If there were periods or other common punctuation at the end of each sentence, I would be able to easily use them in the above pseudocode to accomplish what I need; but with just lc and uc characters touching, I am not sure of the best way to proceed, since Perl offers multiple options.

Thanks.

 
Code:
$_ = "This is a brown widgetThis is a red widgetThis is a green widget";
s/([a-z])([A-Z])/\1\. \2/g;
print;
 
Brigmar, thanks.

What do the 1 and 2 represent? So far, this is not working for me when used as:

$line=s/([a-z])([A-Z])/\1\. \2/g;
 
The parentheses in regexes capture their contents to $1, $2 etc.
Within a regex command they can be referred to as \1, \2 etc

As for not working, you're not applying the substitution to the $line value. Strange, as you had the syntax in your original post.

Code:
$line = "This is a brown widgetThis is a red widgetThis is a green widget";
$line [b]=~[/b] s/([a-z])([A-Z])/\1\. \2/g;
print $line;
 
No, he means that in your original post you were using the correct =~ operator, but in your second post you had the assignment operator = instead...

Steve

[small]"Every program can be reduced by one instruction, and every program has at least one bug. Therefore, any program can be reduced to one instruction which doesn't work." (Object::perlDesignPatterns)[/small]
 
That was included in the code, but omitted when I copied it to the above reply.

This is what I have:

Code:
 $line =~ s/([a-z])([A-Z])/\1\. \2/g;

I also applied it with altenate characters, i.e.

Code:
 $line =~ s/([a-z])([A-Z])/\1AAA \2/g;

to see of I was simply missing its application, but still no results. Since similar subsitution routines work fine, i.e. adding spaces where periods already exist; or newlines after colons; etc., I am wondering if data quality is the issue, and not the code (as I am applying it).

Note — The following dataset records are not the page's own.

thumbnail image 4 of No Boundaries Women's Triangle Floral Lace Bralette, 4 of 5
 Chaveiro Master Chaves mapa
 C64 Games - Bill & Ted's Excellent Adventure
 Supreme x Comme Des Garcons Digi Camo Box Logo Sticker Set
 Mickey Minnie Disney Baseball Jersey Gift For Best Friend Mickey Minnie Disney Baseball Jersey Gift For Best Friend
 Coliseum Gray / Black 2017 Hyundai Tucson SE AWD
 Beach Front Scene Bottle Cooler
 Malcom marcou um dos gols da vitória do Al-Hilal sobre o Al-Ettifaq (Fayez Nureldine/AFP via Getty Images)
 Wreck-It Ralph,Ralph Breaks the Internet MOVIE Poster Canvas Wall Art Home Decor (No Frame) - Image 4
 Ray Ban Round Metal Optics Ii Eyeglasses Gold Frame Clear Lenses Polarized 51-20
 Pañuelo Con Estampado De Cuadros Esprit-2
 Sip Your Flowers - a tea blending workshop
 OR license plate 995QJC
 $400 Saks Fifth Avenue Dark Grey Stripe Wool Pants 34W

The converted Excel file (tab-delimited) contains numerous "junk" characters -- some visible, some not -- so I will re-save it in MS-DOS format and then try this again.
 
I'm going to take a guess that there are Carriage Returns and/or your bullet character in there, considering that the original was a bulleted list.
 
The code definitely works, just not on that particular field. (It does a terrific job on a URL field but, of course, I don't want to use it there.)

I have an additional chance to apply it separately to the target field and, if that does not work, the data is probably full of invisible carriage returns. That happens frequently, and I will need to re-save the data file as a pure DOS text file to eliminate them.

Thanks for your help.
 
Once the file is saved as text, those characters are not invisible, and can be included in the regex.

Upload the file (to something like box.net) and enter the URL as step 3 (attachment) of the reply section.
 
Actually, without even re-saving as DOS text, the code seems to be working just fine on the target field -- after adding all fields to an array, and applying the substitution to just the target, i.e:

Code:
$string=$data[6]; [b]## data[6] is the target Field in the array.[/b]  
$string =~ s/([a-z])([A-Z])/\1\. \2/g;
$data[6]=$string;

So far, so good...
 
Personally, I'd do it with a lookahead/lookbehind rather than bothering with capturing groups that you don't really need:
Code:
$string =~ s/(?<=[a-z])(?=[A-Z])/. /g;
Incidentally, there's no need to escape the dot in the replacement string with a backslash. It's a common mistake.